O bilmediğimiz iplerden, liflerden, sürgünlerden oluşan ruhu sarmalanmış, sarmaşıklaşmış, somutlaşmış da bedene dönüşmüş, o beden üşümemek için sandalyesini güne çekmiş oturuyor. Daha da üşümesin diye o serapa ruhtan oluşan bedene üst üste gömlekler, kazaklar, ceketler giydirmiş. Nereden baksanız bu çağa, hatta bu dünyaya ait değil diyeceğiniz bir insanın gözlerine baktığınızda anlıyorsunuz kendinizi, yerinizi, yurdunuzu. Konutlar, konaklar, saraylar inşa etsek de göçebeliğimizi…
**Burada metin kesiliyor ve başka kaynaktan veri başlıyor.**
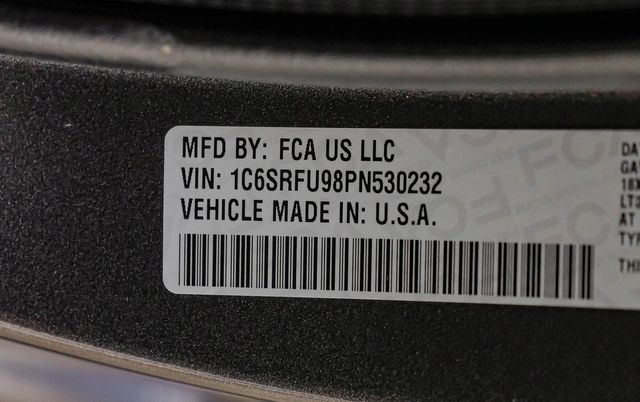 2023 Ram 1500 TRX Level 2 PANO ROOF Tow Mirrors RAMBAR 1 Owner | Dallas, TX | East Dallas Diesel 2023 Ram 1500 TRX Level 2 PANO ROOF Tow Mirrors RAMBAR 1 Owner | Dallas, TX | East Dallas Diesel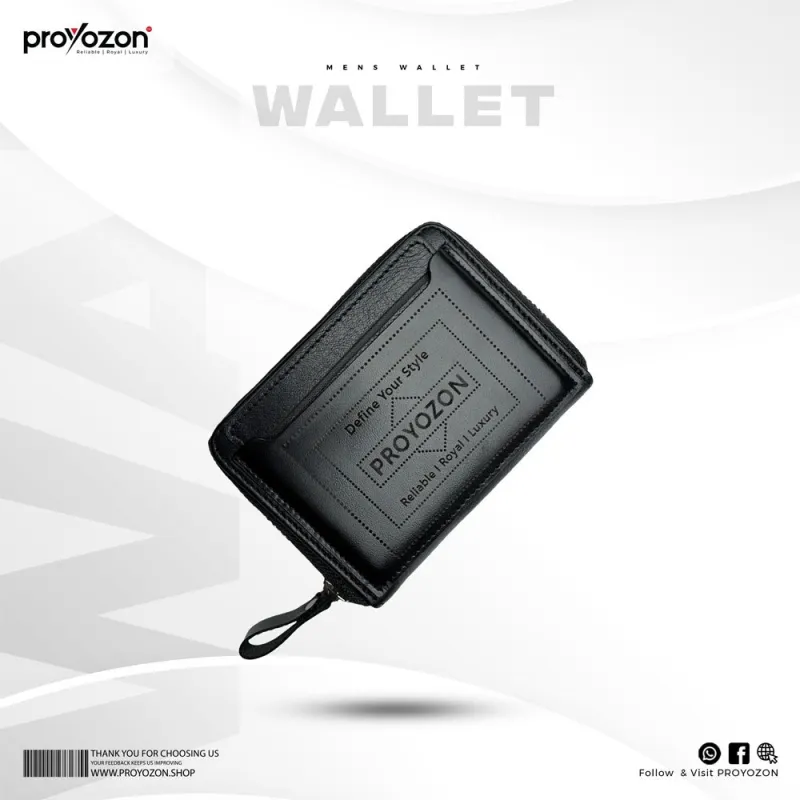 Elite Wallet (Black)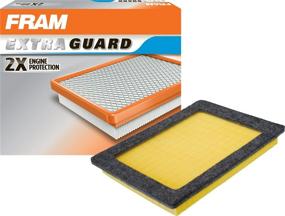 img 2 attached to 🔍 Premium FRAM Extra Guard Air Filter CA9687 for Optimal Performance in Ford and Lincoln Vehicles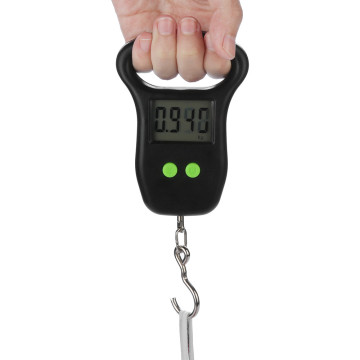50kg x 10g Digital Scale for Fishing Luggage Steelyard Hanging Electronic Scale *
Çayını güneşte demleyenlerden…
Gözlerinde uçsuz bucaksız kervanlar… Kervanbaşı da kervan sonu da kendisi… Yeryüzünün bir yüreğe dar geldiği anları çok yaşamış ki, çelişki değil, bir dağ gibi duruyor oturduğu yerde. Kapanmasa, biri hadi gidelim demese bir milyon yıl kalacakmış gibi orada…
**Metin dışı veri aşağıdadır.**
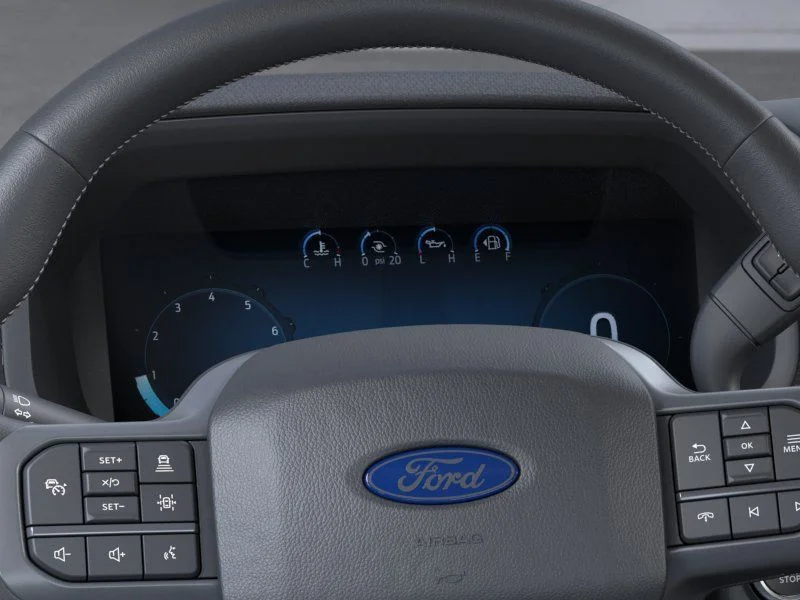 New 2026 Argon Blue Metallic Ford XLT image 13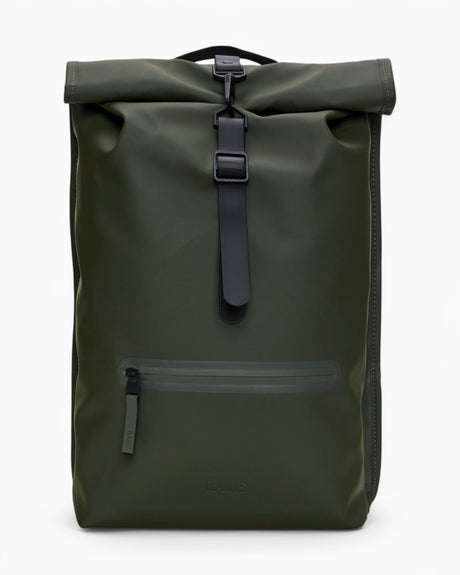 Rains Rolltop Rucksack Sırt Çantası Green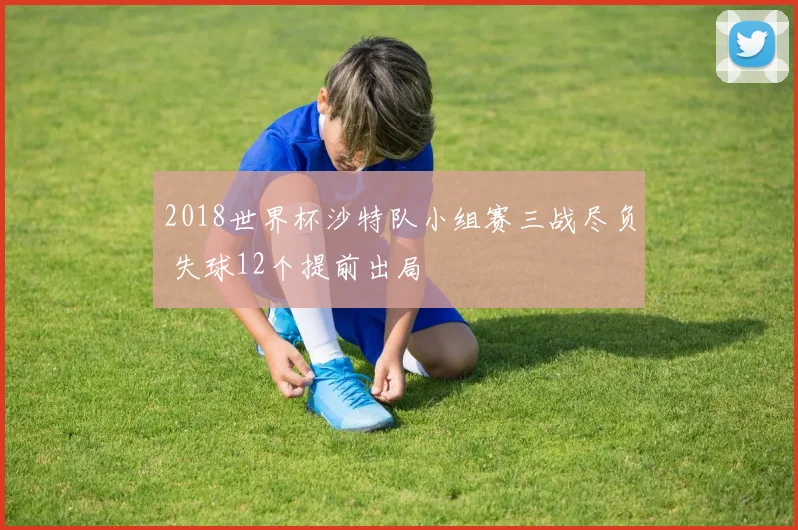 2018世界杯沙特队小组赛三战尽负 失球12个提前出局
Allah’ın kelimelerine tutunuyor düşmemek için o hiçbirimizin fark etmediği uçurumlardan…
Bir modern zamanlar Musa’sı olup dizelerden kendisine dayanak yapıyor, ucu hayatı yutan modern ejderhaları korkutan bir baston…
Hayalinde güneş gülümseyen 18 yaşında bir kız olup koluna giriyor; kâbusunda güneş, masalların bütün kötü kahramanlarından daha vahşi, her ışığı bir işkence mızrağı…
Önce yazdı, sonra okudu
Yücel Sarıçakmak… 1970 doğumlu olsa da Mozart şiiriyle 1971’li.
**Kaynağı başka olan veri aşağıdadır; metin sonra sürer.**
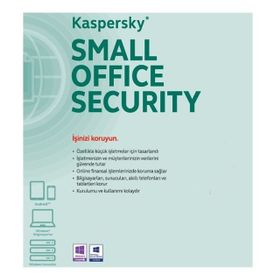 Kaspersky Small Office Security 1 Yıl 1 Server+5 Kullanıcı+5 Mobil Cihaz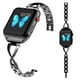 thumbnail image 2 of Banda Compatible para Apple Watch Bands 38mm 42mm iwatch Bands para mujer Joyería Correa de pulsera de metal, reemplazo de pulsera MFZFUKR 2033275-1, 2 of 9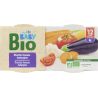 Crf Baby Bio 2X200G Plats Risotto Tomates Aubergine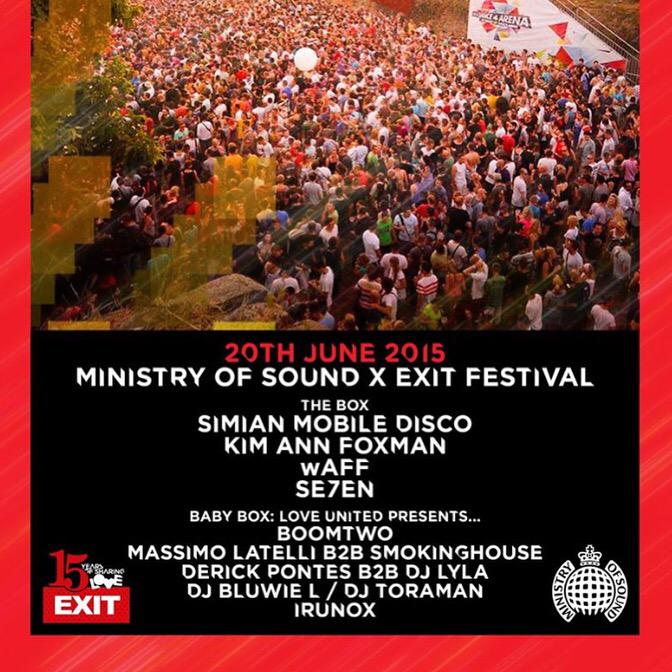 HuseyMusic's tweet photo. Back playing at @ministryofsound  LONDON on the 20th !  #BOOMTWO http://t.co/N7ECOFVY4o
Kızılcahamamlı… Yeni Sıla, Mülkiye, Kadın ve Aile, Yedi İklim, İkindi Yazıları, Yeni Dergi, İktibas ve Şizofrengi dergilerinde yazdı.
Sonra yazmayı bıraktı, sadece konuşmaya başladı.
Gün Doğmadan’ı, altısı yazarak 41 kez okudu. Ezberinde. Sezai Bey’in sözlü beratıyla Diriliş Teşkilatının Kızılcahamam sorumlusu…
Erbain’i 37 kez... Ezberinde. 4’ü yazarak… Dostoyevski’nin bütün eserlerini en azı 11 kez olmak üzere, defalarca…
En son gördüğümde Kuran’ın Türkçe mealini okuyordu bir deftere yazarak.
Kayıp kardeşi ile konuşur
Saçları, sakalları, gözleri şizof-rengi.
Her insanın gizli taşıdığı, farkına varamadığı saklı bilgeliler avcısı…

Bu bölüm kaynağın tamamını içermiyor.